Pertama, bagaimana reaktidnya kader Demokrat kala ada bahan untuk memojokkan pemerintah. Tanpa panjang dan kali lebar langsung saja ada dan jadi narasi untuk mencapai keinginan sendiri. Ini tidak semata menjelekka atau menuduh Jokowi dan jajaran, lebih jauh adalah mendapatkan poin untuk suara bagi mereka.
Kedua. Kinerja ugal-ugalan seperti ini, yang seharusnya membuat AHY-SBY malu dan melakukan pembinaan. Masalahnya adalah AHY juga sering melakukan politik yang sama. Penting menjadi bahan pembicaraan dulu masalah isi atau benar tidak bukan yang utama.
Ketiga. Berkali ulang membuat masalah dengan komunikasi media seperti ini, seolah ini adalah memang jalan ninja Demokrat untuk mencapai kembali kejayaannya. Â Lebih oposan dari oposan, kadang malah meliar, pokok menjadi bahan apalagi polemik.
Keempat. Saatnya adalah berpolitik prestasi, bukan lagi sensasi. Politik cemar asal tenar bukan lagi massanya. Lihat pilpres 2019 kemarin. Pasangan Prabowo Sandi membuat lelucon, pernyataan-pernyataan ngaco. Benar, bahwa mereka mendapatkan sorotan dan pembicaraan gede, namun keterpilihan sangat rendah. Akhirnya mereka kalah.
Kelima. Ini bukan zaman media cetak. Orang perlu lebih dari sehari untuk bisa mendapatkan pembenar atau adanya kesalahan. Kini berbeda, dengan internet, tanpa pakai lama akan cepat mendapatkan klarifikasi yang sangat kuat dalam pembuktian.
Keenam. Demokrat ini harus mengganti kader yang asal bapak senang, namun kontraproduksi. Mencapai kemenangan hanya dengan satu cara, menghantam Jokowi. Cara-cara kuno yang sangat tidak efektif. Padahal era modern ini begitu banyak cara untuk membranding diri dan partai.

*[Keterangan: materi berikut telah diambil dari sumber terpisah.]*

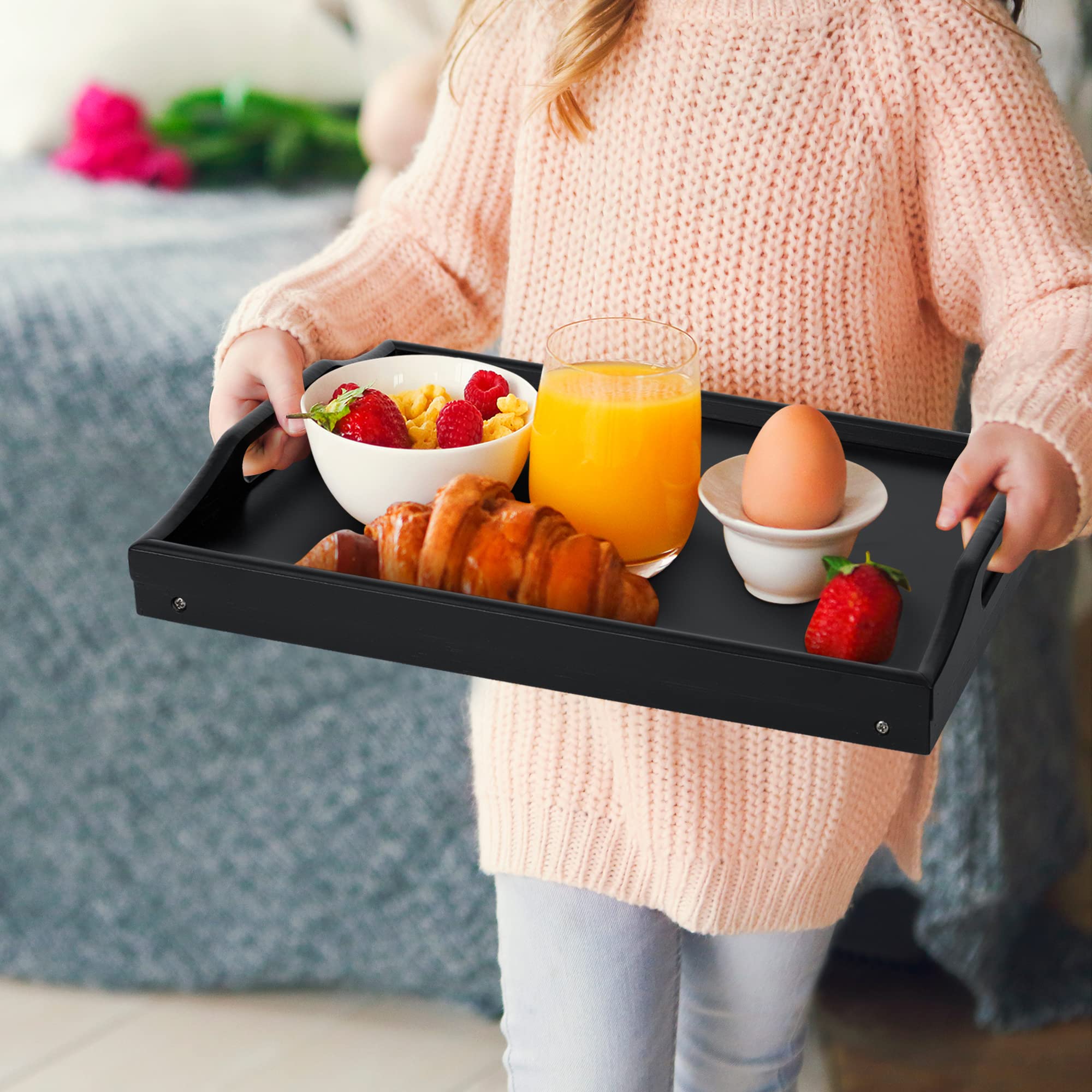 Mayyol Breakfast Bed Tray For Eating - Height Adjustable Raised Food Table - Bamboo Serving Tray On Lap Sofa - Portable Snack Pl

Ketujuh, benar, dengan menghajar Jokowi sebagai tokoh sentral dan paling berpengaruh saat ini, peluang mendapatkan keuntungan gede. Lha namun apakah sukses? Selama ini malah mental dan mbumerang yang terjadi berkali-kali.
Durian runtuh itu tidak diperoleh, malah makin terbenam karena berdiri di atas lumpur hisap. Jangan salahkan pihak lain kalau Demokrat makin terpuruk dan tenggelam.
Bisa saja padahal dengan membesar-besarkan jasa atau keberhasilan SBY pada masa lampau. Namun ingat, jangan dengan membandingkan dengan pemerintahan sekarang. Pasti akan dengan mudah dimentahkan para pendukung Jokowi. Pembuktian yang sangat  mudah dan bahkan murah.
Sering melakukan, namun dengan membandingkan keberadaan pemerintah lainnya. Pembuktian sangat gampang dan kemudian malah menyerang balik dan lebih parah. Lagi-lagi sia-sia.
Demokrat tidak memiliki pemilih fanatis, sebagaimana PDI-Perjuangan atau PKS. Basis massa Demokrat sama sekali tidak ada. Nah, bagaimana  partai SBY ini dikenal itu jauh lebih penting.  Jauh  lebih potensial itu menggaet pendukung Jokowi yang sudah tidak memiliki lagi figur sentral sebagaiana Jokowi.